This government’s divided

Published: 20 January, 2011

• I ATTENDED the excellent Camden United Against The Cuts meeting, which you reported in the New Journal on January 13. 

I was inspired to go along by watching the student protesters on the news.

But I could not smell “an unwholesome whiff of rancour” hanging over the meeting which your editorial commented upon.

The meeting was angry – and rightly so. The meeting was determined – and rightly so. And Councillor Theo Blackwell was heckled – and rightly so.

This Labour councillor argued in favour of setting a hack and slash budget for Camden. That would be a terrible strategy for Labour to follow. 

The reason is simple: if you are implementing the cuts, how can you fight them?

This is an unprecedented situation. The proposed cuts are far deeper, wider and more radical than anything attempted by Margaret Thatcher’s government. But they are proposed by a government which is much wobblier, softer and divided than hers ever was.

A great movement will stop them. A big movement of protests and demonstrations and disruptions and occupations and strikes.

But our Labour councillors will not be part of that great movement if they set and implement the Con-Dem cuts here in Camden.

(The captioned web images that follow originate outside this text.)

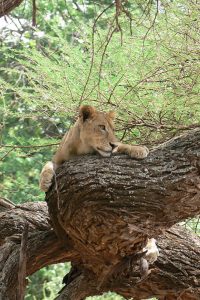 Queen Elizabeth national Park - 4x4 Road trips Uganda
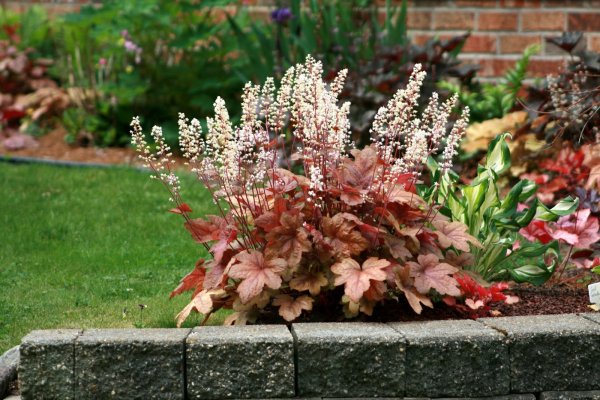 Гейхера Heuchera villosa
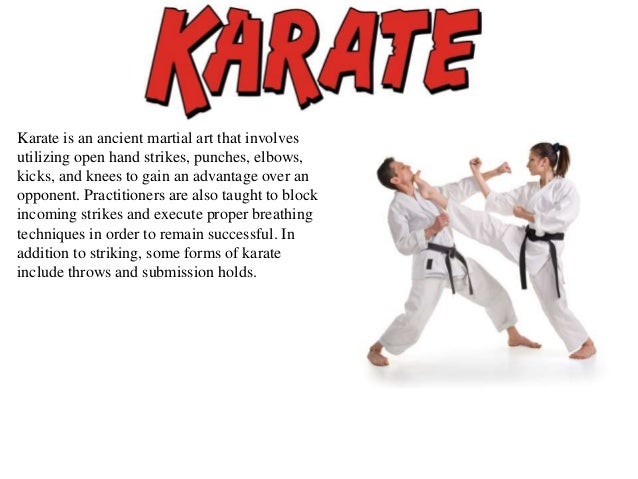 Sijo Larry Sanders Types Of Martial Arts You Should Know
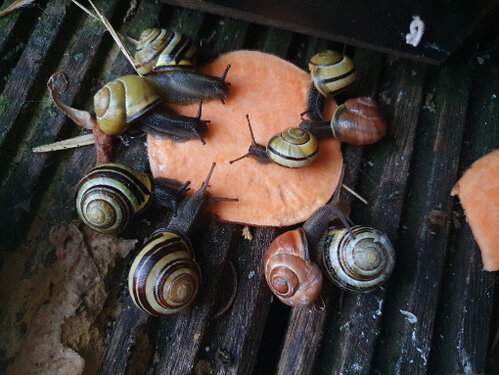 Rosi1 beim Abendessen.jpg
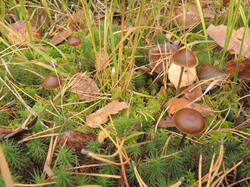 DSCN2551.thumb.JPG.546bdc2a1389475b5f8a2cd54efc375d.JPG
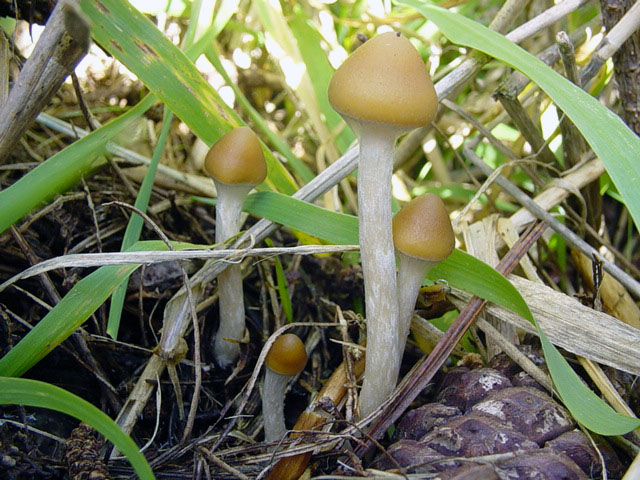 large clump of dense grass near but not in a pine forest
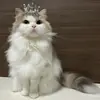 Стикер Pishi 3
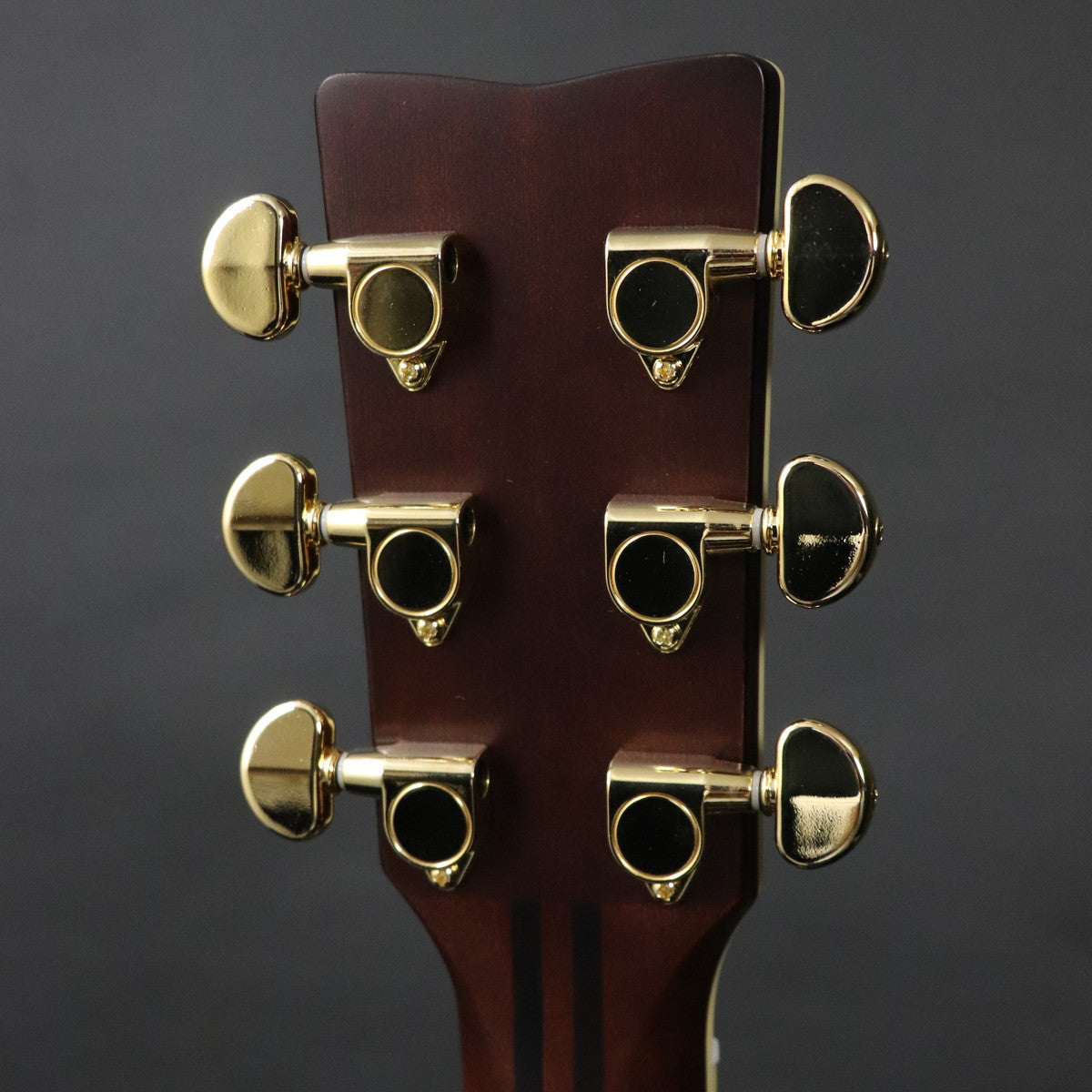 [SN ILJ040106] YAMAHA / L Series LS16M ARE Natural [11]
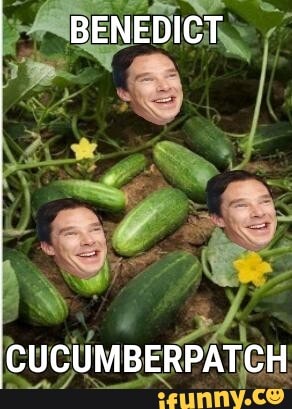 BENEDICT
CUCUMBERPATCH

Perhaps they believe they can find the least worst cuts. They cannot. The cuts are just too enormous. There is not a choice to be made. Your job? Your kid’s nursery provision? Your parent’s care resource centre? They are all for the chop. 

The only real choice is to refuse to set a budget of cuts. 

If the Labour councillors did that they would be heroes. They would free themselves to lead the fightback.

Otherwise their position is invidious. If someone is intent on attacking you and your hands are tied together with string the first thing you need to break is the string. 

It would be an awful shame if Camden’s Labour councillors volunteer to be the string.

Perhaps they feel they must be “responsible”. Responsible for what? Cutting our services? 

If we had been “responsible” in 1990, we would still be paying the poll tax. 

If the suffragettes had been “responsible” we would still be waiting for women to get the vote. 

And if the students recently marching had all been “responsible” they would not have sparked this movement into life.